Читать книгу Multi-Objective Decision Making - Diederik M. Roijers - Страница 11
ОглавлениеCHAPTER 1
Introduction
Many real-world decision problems are so complex that they cannot be solved by hand. In such cases, autonomous agents that reason about these problems automatically can provide the necessary support for human decision makers. An agent is “anything that can be viewed as perceiving its environment through sensors and acting upon that environment through effectors” [Russell et al., 1995]. An artificial agent is typically a computer program—possibly embedded in specific hardware—that takes actions in an environment that changes as a result of these actions. Autonomous agents can act without human control or intervention, on a user’s behalf[Franklin and Graesser, 1997].
Artificial autonomous agents can assist us in many ways. For example, agents can control manufacturing machines to produce products for a company [Monostori et al., 2006, Van Moergestel, 2014], drive a car in place of a human [Guizzo, 2011], trade goods or services on markets [Ketter et al., 2013, Pardoe, 2011], and help ensure security [Tambe, 2011]. As such, autonomous agents have enormous potential to improve our productivity and quality of life.
In order to successfully complete tasks, autonomous agents require the capacity to reason about their environment and the consequences of their actions, as well as the desirability of those consequences.
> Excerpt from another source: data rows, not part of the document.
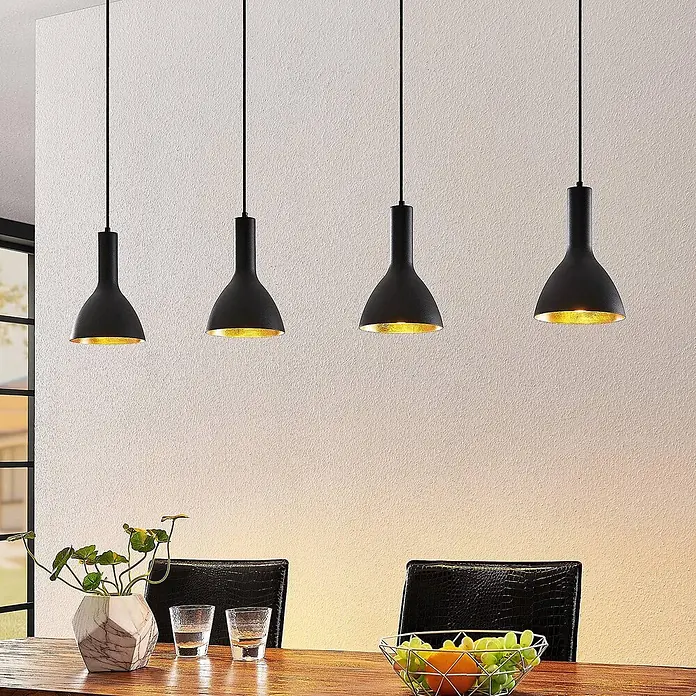 Arcchio Pendelleuchte Cosmina - schwarz, Schwarz, gold, E27 - Vier schwarze Pendelleuchten mit goldener Innenseite hängen in einer Reihe über einem Holztisch und beleuchten ihn warm.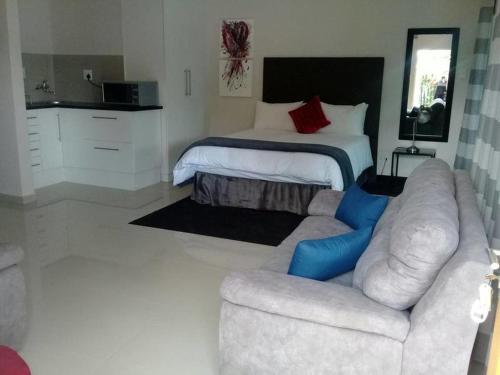 a living room with a couch and a bed at Apollo Hotel in Johannesburg
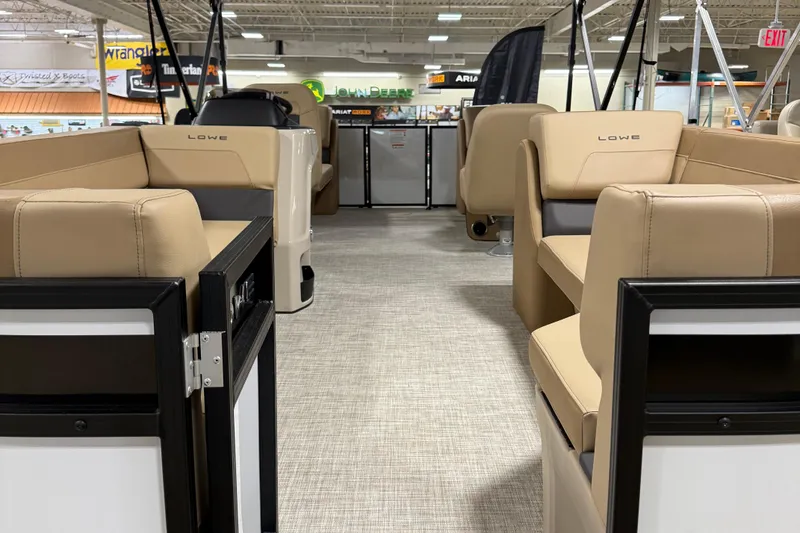 Slide: The Image of Interior view of 2026 Lowe LS 210 boat with beige seating and modern design. - 4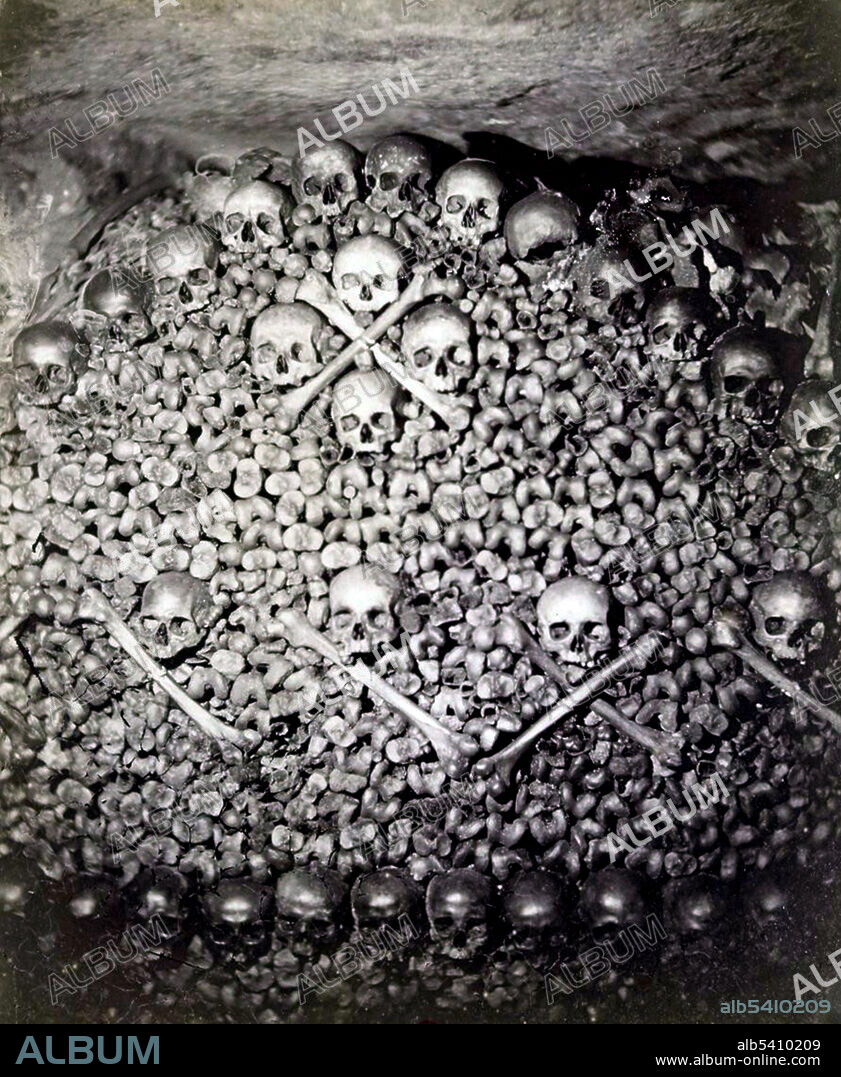 By the end of the 18th century, overcrowded cemeteries in Paris had become a medical problem and city officials began to use the catacombs beneath the streets as a massive burial ground. They were opened to the public and artists soon followed, generating a new interest in the macabre. Although the prefect of Paris officially closed the catacombs to the public in 1830, lovers of the bizarre periodically gained access to the subterranean vaults. Known primarily for his portraiture, Nadar made this photograph of the ghoulish décor with an artificial light of his own design, an early arc lamp known as a Serrin Regulator. Nadar, 1861 (cropped and cleaned).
The field of decision theory uses probabilistic models of the environment, called decision problems, to formalize the tasks about which such agents reason. Decision problems can include the states the environment can be in, the possible actions that agents can perform in each state, and how the state is affected by these actions. Furthermore, the desirability of actions and their effects are modeled as numerical feedback signals. These feedback signals are typically referred to as reward, utility, payoff, or cost functions. Solving a decision problem consists of finding a policy, i.e., rules for how to behave in each state, that is optimal in some sense with respect to these feedback signals.
In most research on planning and learning in decision problems, the desirability of actions and their effects are codified in a scalar reward function [Busoniu et al., 2008, Oliehoek, 2010, Thiébaux et al., 2006, Wiering and Van Otterlo, 2012]. In such scenarios, agents aim to maximize the expected (cumulative) reward over time.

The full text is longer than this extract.